My uncle was a successful high school basketball coach from the late 70s to early 00s. When he had two of his sons (who he had coached) become high school basketball coaches, he took them aside and explained to them that "you cannot do some of the things I did as a coach in this day and age."
You are lying to yourself if you think there were not times K or huckleberry or even Knight (and even going back to the Nose) did not get technicals (or did and wasn't thrown out) when they were warranted for going after refs? And rightly or wrongly, there are things 40+ year head coach can say or do to a team and not only get away with, but motivate a team, that a first year head coach would say or do and could have the opposite affect as intended. K was in this place 40 years ago. He had to earn how much of a hard @ss he could be with his words and actions. He had to earn how much he could really get on officials. Sheyer, or anyone just a new head coach, is going to lose the team or lose respect from officials a lot quicker than from a veteran coach.

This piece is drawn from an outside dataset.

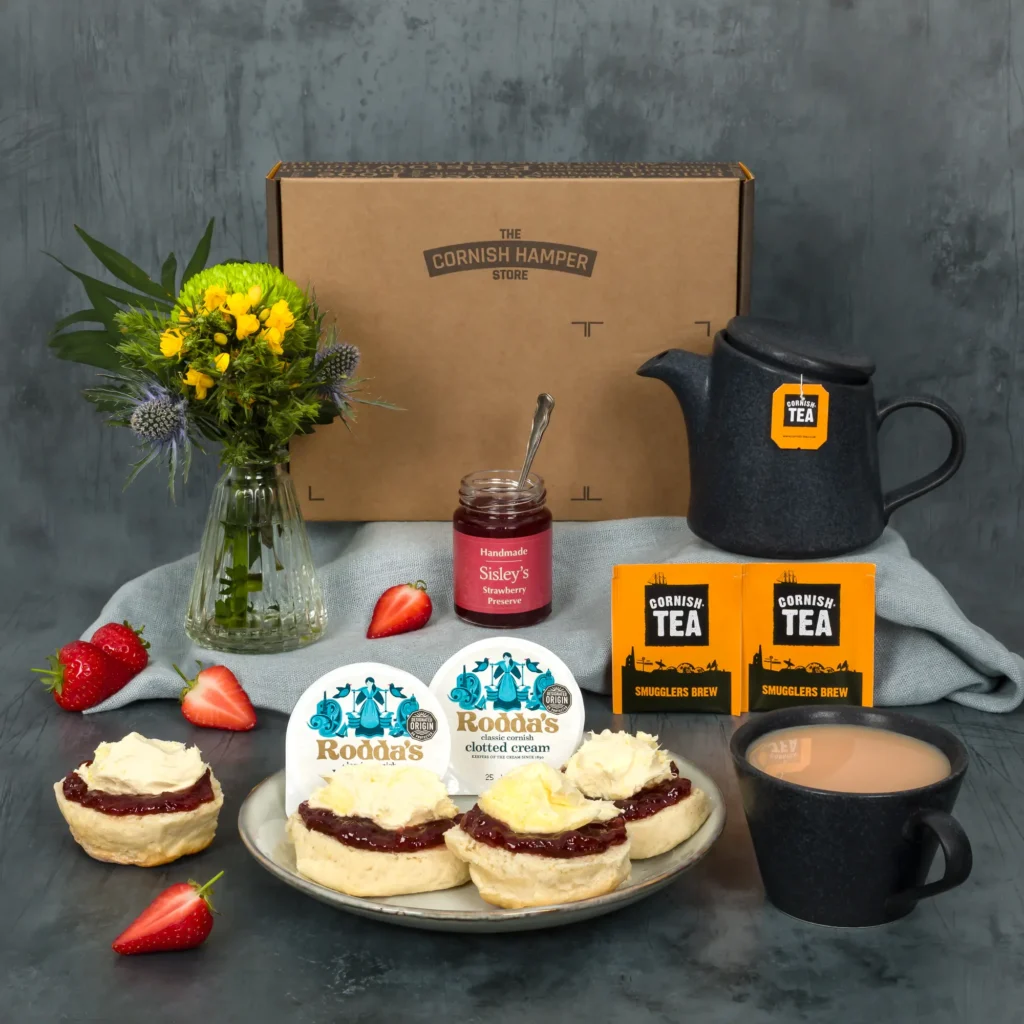 The Father's Day Cream Tea Hamper, packed with scones, jam, clotted cream and Cornish tea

Aristotle pointed to three elements of speech to persuade a person: logos (logic), pathos (emotion), and ethos (persuasion simply by who is giving the speech). Sorry, Sheyer (or any first year head coach, save maybe a Bill Guthridge-type who has been an assistant for a long time under a legendary coach) does not have the ethos yet.
Remember 1994-95. Duke lost A LOT of close games. Was it all Gaudett's fault? No. It comes down how do people respond in a close game if they look over and see K versus they don't. How many people could have pulled off "We will win this game" against UK in 1992 or "I don't coach losers" at Louisville in 2019?
Sheyer will find himself. Some of you need to tone it down a bit on him. And remember, a lot of times K going after officials was him picking his moments and it trying to be motivation to the team as much or if not more than bad calls.